Complexities associated with expression of Epstein-Barr virus (EBV) lytic origins of DNA replication

• Published in: Nucleic acids research Vol. 35; no. 10; pp. 3391 - 3406
• Main Authors: Xue, Shao-An, Griffin, Beverly E
• Format: Journal Article
• Language: English
• Published: England Oxford University Press 01.05.2007; Oxford Publishing Limited (England)

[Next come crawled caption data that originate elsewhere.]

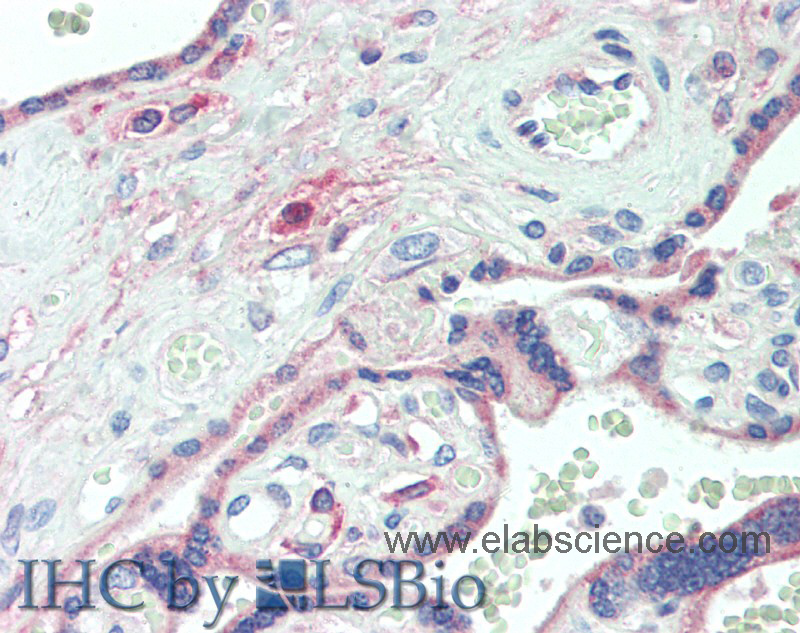 Immunohistochemistry of paraffin-embedded Placenta tissue using DLL4 Polyclonal Antibody at dilution of 1:60.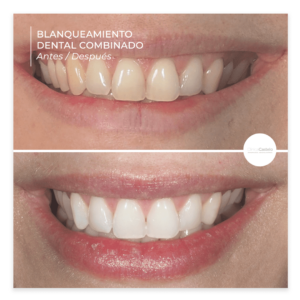 blanqueamiento dental combinado antes y despues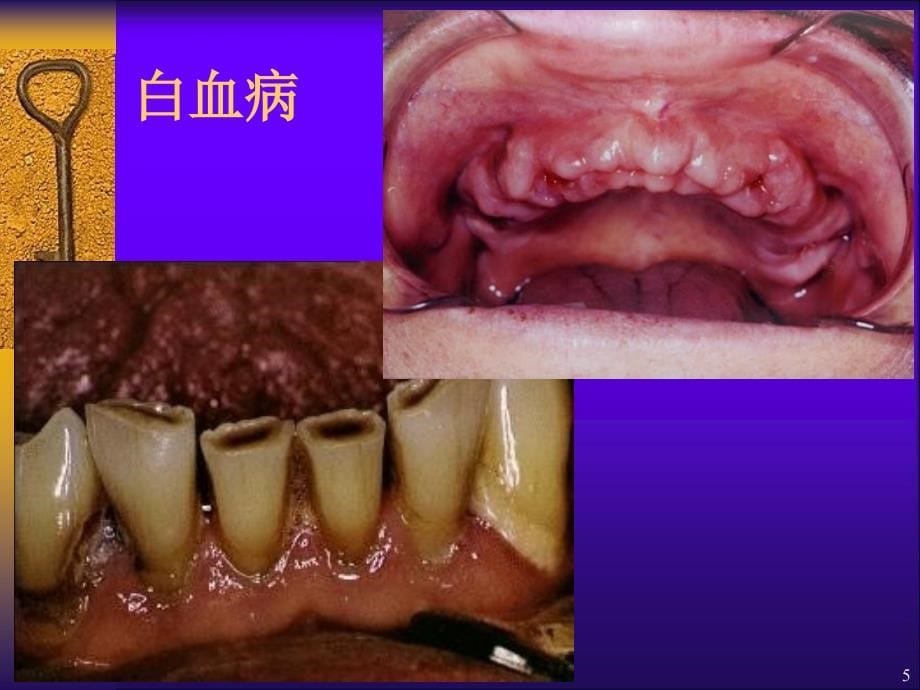 全身系统性疾病在口腔的表现_第5页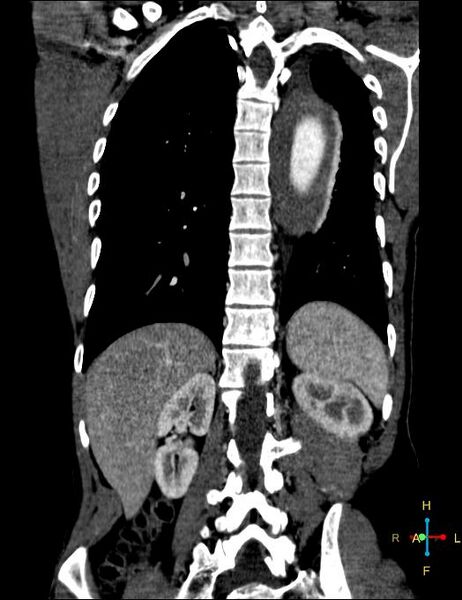 File:Aortic aneurysm and penetrating ulcer (Radiopaedia 23590-23704 B 22).jpg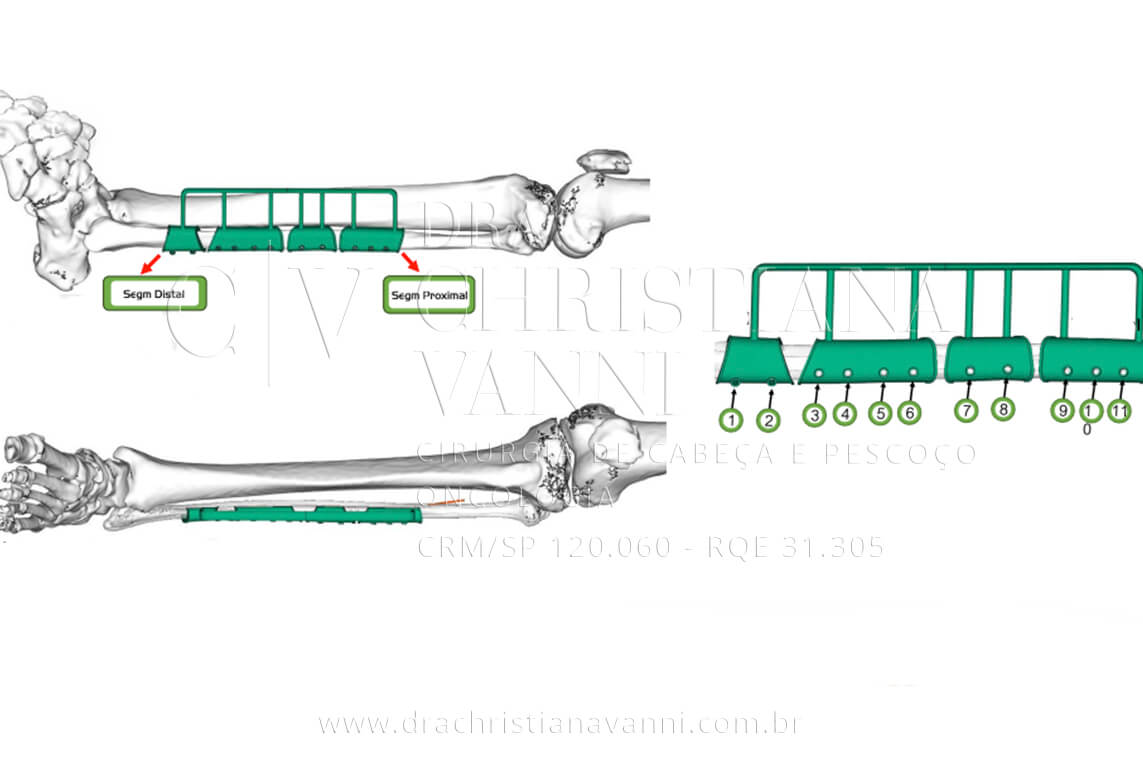 VSLab - Guia de corte da fíbula esquerda: dispositivo personalizado (em verde) posicionado sobre o modelo 3D da fíbula, com 11 pontos de fixação numerados e sistema 2.4. O guia orienta com precisão submilimétrica cada osteotomia da fíbula durante a cirurgia, correspondendo ao guia de posicionamento mandibular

• Subjects: Animals; Cell Line; DNA Replication; DNA, Viral - biosynthesis; Epstein-Barr virus; Gene Expression Regulation, Viral; Herpesvirus 4, Human - genetics; Herpesvirus 4, Human - metabolism; Herpesvirus 4, Human - physiology; Humans; Molecular Biology; Nuclease Protection Assays; Promoter Regions, Genetic; Replication Origin; Reverse Transcriptase Polymerase Chain Reaction; RNA, Antisense - analysis; RNA, Messenger - biosynthesis; RNA, Messenger - chemistry; RNA, Viral - biosynthesis; RNA, Viral - chemistry; Transcription Initiation Site; Transcription, Genetic; Viral Proteins - biosynthesis; Viral Proteins - genetics; Virus Replication
• ISSN: 0305-1048; 1362-4962
• DOI: 10.1093/nar/gkm170

EBV has two lytic origins (oriLyt) of DNA replication lying at divergent sites on the viral genome within a duplicated sequence (DS). The latter contains potential hairpin loops, 'hinge' elements and the promoters for transcripts from viral genes BHLF1 and LF3. These genes themselves consist largely of 125 and 102 bp repetitive sequences, respectively, and encode basic proteins. We have examined these genomic regions in detail in attempts to understand why lytic replication--necessary for virus survival--is so inefficient, and to identify controlling elements. Our studies uncovered a diverse family of promoters (P) for BHLF1 and LF3, only one pair of which (P1) proved sensitive to chemical inducing agents. The others (P2-P3/4), abutting the replication 'core' origin elements in DS and extending into 5'-unique sequences, may play roles in the maintenance of viral latency. We further identified a family of overlapping small complementary-strand RNAs that transverse the replication 'core' origin elements in a manner suggesting a role for them as 'antisense' species and/or DNA replication primers. Our data are discussed in terms of alternative lytic replication models. We suggest our findings might prove useful in seeking better control over viral lytic replication and devising strategies for therapy.